La Ville fait dresser, à l’entrée de l’avenue d’Eylau, deux mâts vénitiens de vingt mètres de hauteur, exécutés sur les dessins de M. Alphand, et qui sont d’un caractère charmant et superbe. Au sommet, les initiales R. F. Quatre écussons étagés sur chaque face portent les titres des ouvrages du poète. Chaque mât est orné de faisceaux de drapeaux et de lances dorées, avec bannières bleues et roses. Les mâts sont reliés par une grande draperie rose frangée d’or, où se lit en grands caractères cette inscription :

VICTOR HUGO
né le 26 février 1802
1881

Des palmes, des guirlandes de feuilles de chêne, de sapin et de buis, des arbustes, des plantes et des fleurs s’entremêlent dans cette élégante décoration.

Dans cette soirée du 26, inauguration, au théâtre de la Gaîté, de la nouvelle direction Larochelle-Debruyère par une éclatante reprise de Lucrèce Borgia, avec Mme Favart et M. Dumaine.

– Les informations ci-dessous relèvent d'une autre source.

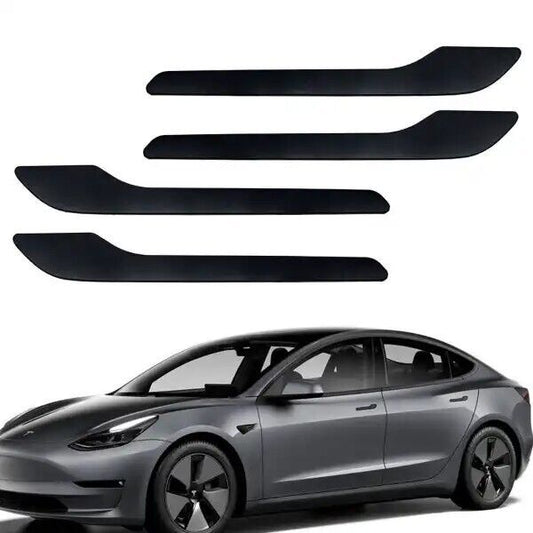 2017-2023 Tesla Model 3  4pc Matte Black Side Door Push Handle Cover Trims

Tout est prêt pour le lendemain.

Il faut donner l’impression de cette grande journée dans les récits, pris sur le vif, de Jules Claretie et de Gustave Rivet, dans le Rappel et dans le Temps.


Extrait du Temps :

C’est aujourd’hui une journée historique.

Paris, — et, avec Paris, la nation entière, les députations de l’étranger, la jeunesse, cette France en fleur, a dit Victor Hugo lui-même, — tout un peuple fêtant l’entrée de Victor Hugo dans ses quatrevingts ans, un tel spectacle est de ceux qui se gravent pour l’avenir dans la mémoire des hommes, et en couronnant l’œuvre et la vie de son grand poète, la France aura ajouté une admirable page à son histoire.

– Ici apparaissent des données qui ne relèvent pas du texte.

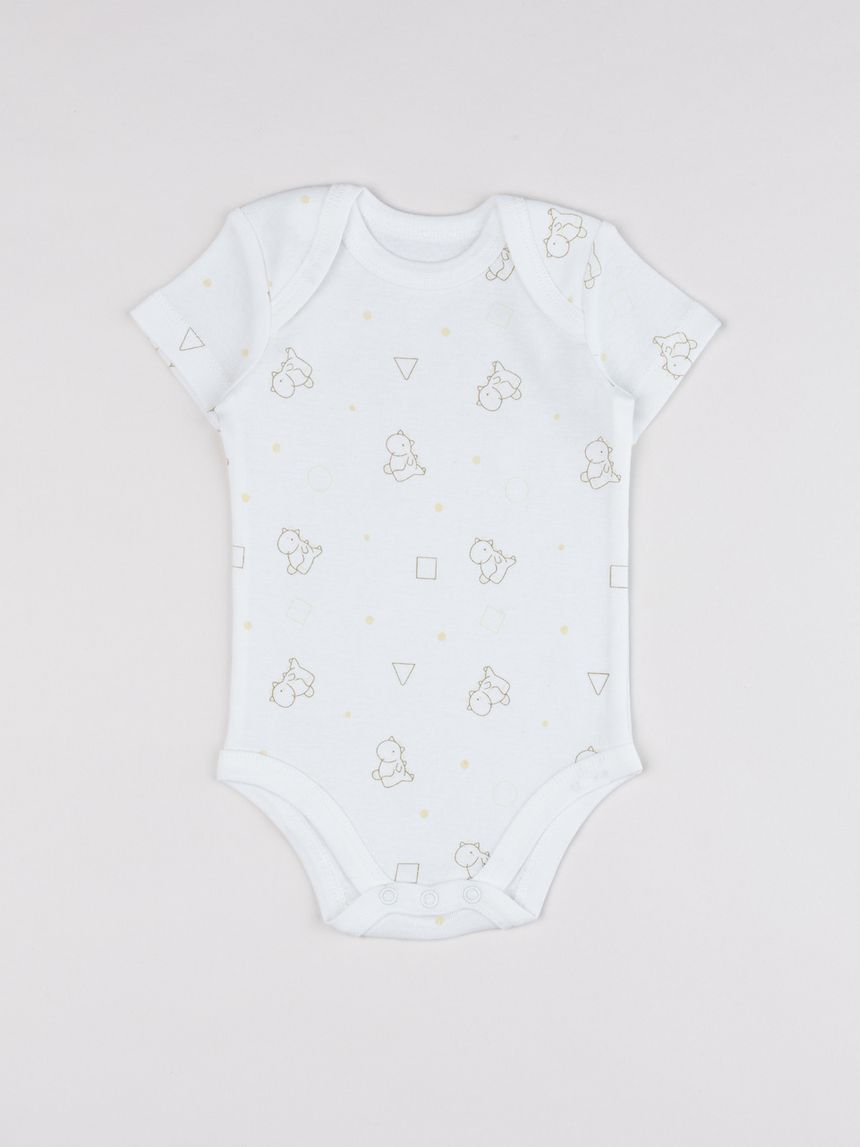 Body bimbo bianco stampato allover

Il semble que, sur les bannières qui ont flotté aujourd’hui devant les fenêtres de l’avenue d’Eylau, on eût pu écrire : La Patrie à Victor Hugo. C’est la patrie, en effet, qui a célébré le poète patriote ; ce sont les générations reconnaissantes envers cet homme de toutes les émotions, de toutes les joies qu’il leur a données, de toutes les nobles pensées qu’il a fait éclore en elles, de toute la gloire que sa gloire personnelle a fait rejaillir sur le pays.

Le peuple, pendant toute une journée, a défilé devant la maison de Victor Hugo en acclamant son nom. Et quand je dis peuple, toutes les classes, tous les rangs, tous les âges étaient confondus dans ce flot humain qui se déroulait des Tuileries à l’Arc de Triomphe et de l’Arc de Triomphe à l’avenue d’Eylau.

N’y a-t-il pas dans la destinée du poète quelque chose de prédestiné ? N’était-ce pas de l’Arc de Triomphe, qu’il a si souvent et si magnifiquement chanté, que devait nécessairement partir l’immense cortège qui a passé en saluant devant les fenêtres de Victor Hugo ? C’est aujourd’hui surtout qu’il pourrait crier au « monument sublime » :

Entre tes quatre pieds toute la ville abonde,
Comme une fourmilière aux pieds d’un éléphant !

Que de monde ! Et qu’est-ce, à côté d’un tel concours de population, que le triomphe théâtral de Pétrarque, le front encadré d’un camail rouge, porté sur son char triomphal avec les Muses et les Grâces, escorté par les écuyers, les pages, les seigneurs blasonnés et les cardinaux ?

Qu’est-ce que le triomphe de Voltaire, acclamé par une foule où, déguisée, le cœur battant bien fort, Marie-Antoinette se cachait, curieuse de voir passer l’auteur de Candide, — la jeune reine saluant le vieillard-roi ?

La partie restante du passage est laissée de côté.